If The Cage was the best place to begin this true story, the wet clubhouse on the night of Game 7 is the best place to end it. The Cubs’ wait took so long that in geochronology terms, it feels like the turning of an epoch in baseball, Pleistocene to Holocene. On this side, the Cubs are not only winners, they are also the hottest commodity in baseball, which means the sirens of celebrity call to them. Even Bryant admits, “I feel like where we’re at with this team right now, I have to have my dad’s personality a little bit—be a little more outgoing, more talkative. But if I had a choice, I wouldn’t say much. That’s my mom: Only say something when it needs to be said.”

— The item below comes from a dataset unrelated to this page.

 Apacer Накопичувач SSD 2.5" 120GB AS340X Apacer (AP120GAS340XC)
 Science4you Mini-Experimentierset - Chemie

On this side of history, the future of baseball goes through Chicago, and specifically through its crown prince. It sounds as equal a burden as an honor. But ask yourself this: If Mike and Susie’s kid didn’t change the night the Cubs won the World Series, why is he going to change now?
“I’m not,” Bryant said. “I don’t care to be any different. I have my corner and my comfort zone that I stick to. It’s always been that way and always will.”